As mentioned above, Nic Cage isn't his usual hyperactive self in Con Air, but he does decide to go all Foghorn Leghorn on the role. His goofy Southern accent is shades of H.I. from Raising Arizona, but significantly less nuanced, emphasis on significantly. However, accent aside, his turn as Poe is one of his best. He is a sympathetic hero who treads the line to get the job done, even flinching when required to kill someone. It's refreshing to see Cage restrain himself; it wouldn't make sense when he's intended to be the sane one. 

The rest of the cast is made up of some of Hollywood's best character actors including one of my favorites, John Cusack. He is his usual smarmy self as the smart alec Larkin, telling Colm Meany on multiple occasions to "stick it up [his] ass" with a smile. It's a little disappointing that Cusack and Cage don't get much screen time together, but when they do, it's a combination that immediately makes sense.

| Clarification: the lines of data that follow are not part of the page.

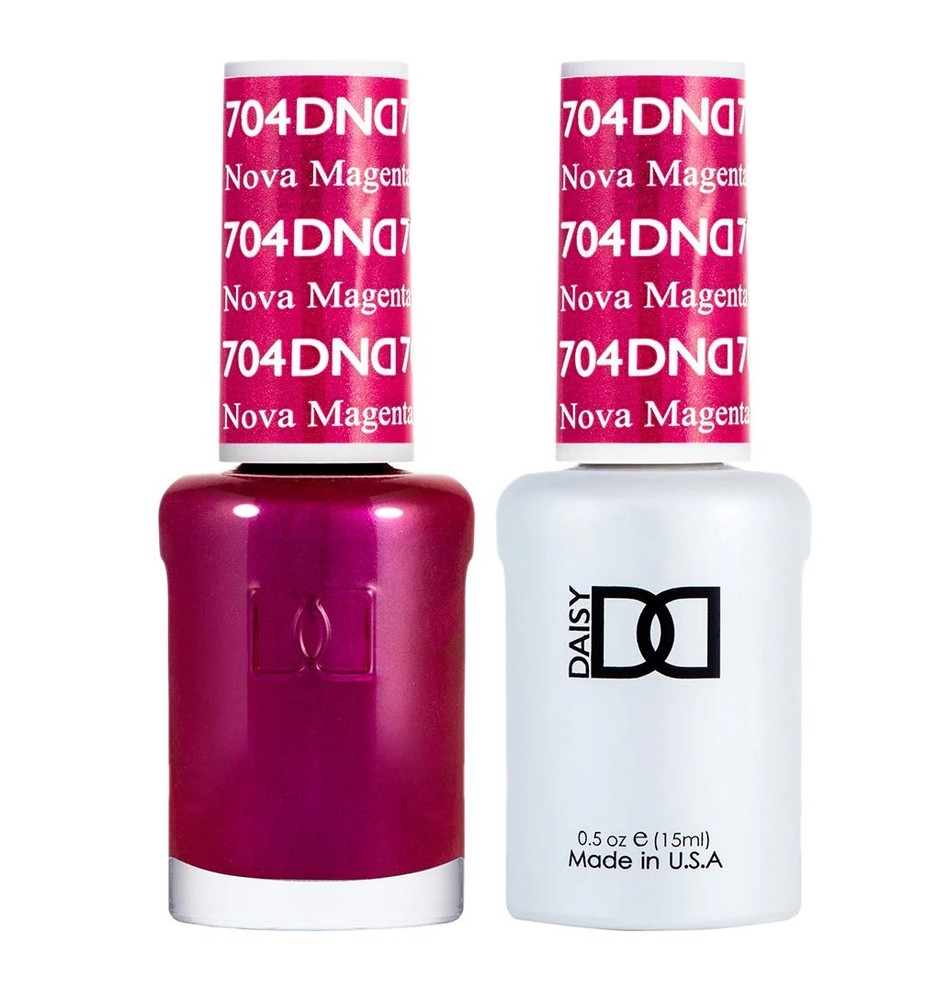 DND DUO Matching Gel & Lacquer #704 - Nova Magenta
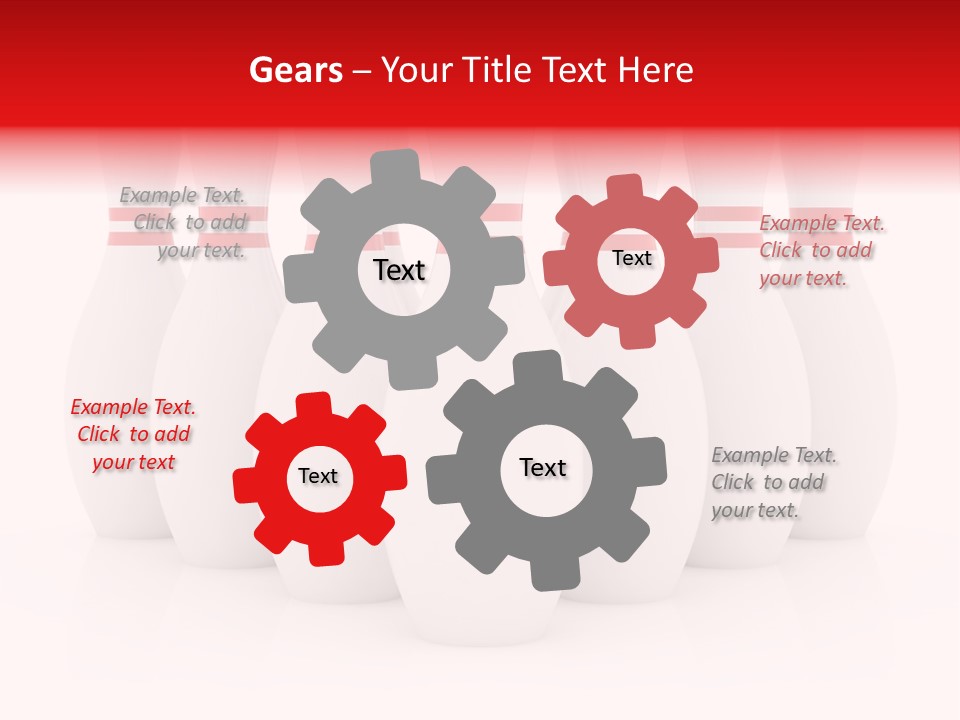 Pin Competitive Bowling PowerPoint Template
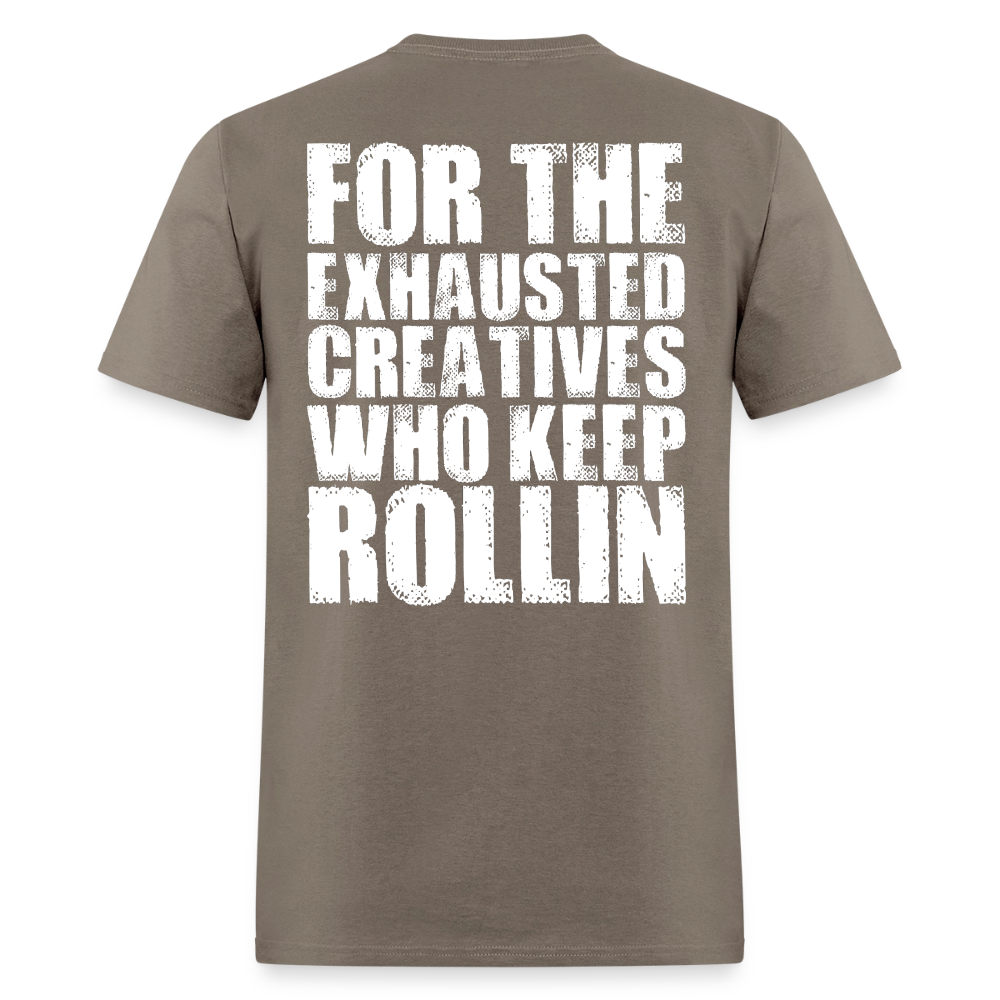 Exhausted Creators Tee - safari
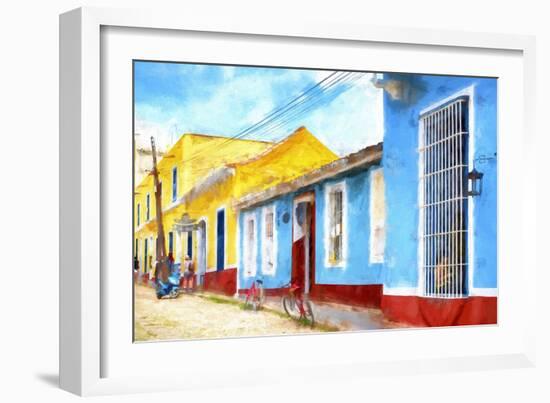 Cuba Painting - Urban Colors Street-Philippe Hugonnard-Framed Art Print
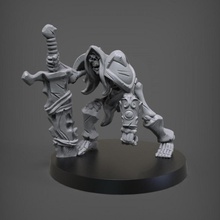 Señor siniestro mesa dragones mazmorras miniaturas esqueleto miniatura esculpir juego fabioschizzo 3d print model - Mito3D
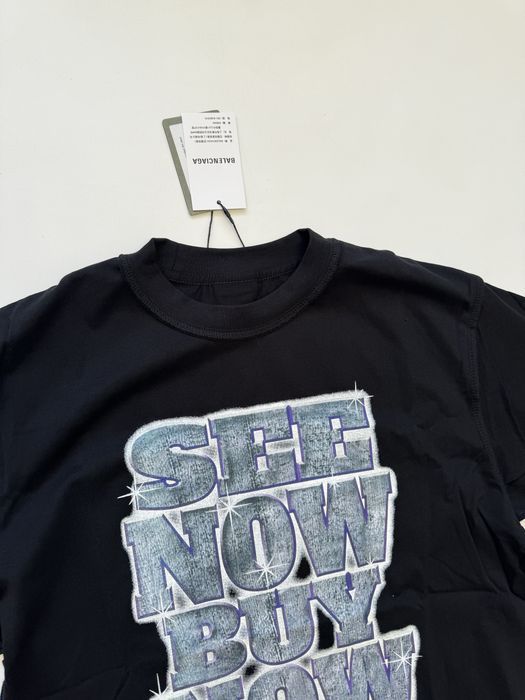 футболка Balenciaga See now Buy Now 2024 M L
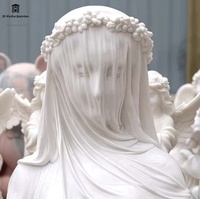 Statue de buste en marbre de style européen de figure féminine ornement intérieur/extérieur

John Malkovich doesn't chew the scenery; he downright devours it as the sadistic Grissom. He echoes Dennis Hopper in Speed with his level of calculated insanity but goes one step further with some memorable quips. 

With Danny Trejo, Ving Rhames, Dave Chappelle, and Steve Buscemi rounding out the cast, there is nary a un-entertaining moment in the film. From Buscemi as a serial killer whose BDSM-esque shackles that would make Hannibal Lecter blush, to Trejo as a self-admitted serial rapist, it's the cast of bad guys that Suicide Squad could only begin to dream about. 

Along with the cast, the action is terrific even if it feels like a spiritual successor to the aforementioned Speed. The best parts don't take place on the plane, however, but instead on several landings. The set piece at the Lerner Airfield is the real standout of the film and a genuinely impressive feat of technical filmmaking. That's not to say the in-air sequences aren't exciting, but, as with other vehicle-based movies, you can only do so much on a plane/boat/train/bus.

Action films like Con Air just aren't made anymore, especially with the number of practical effects and stunt work that they pull off. It's a shame because it's a perfect time for the long-desired sequel to Con Air. Cage's rocking mullet and a quippy Cusack are just what we need to help defuse all of that politically-charged tension that has our country in a bind. If not a sequel, then the original will suffice, and will continue to stand as a testament to the power of a restrained Cage and an entertaining cast of bad guys.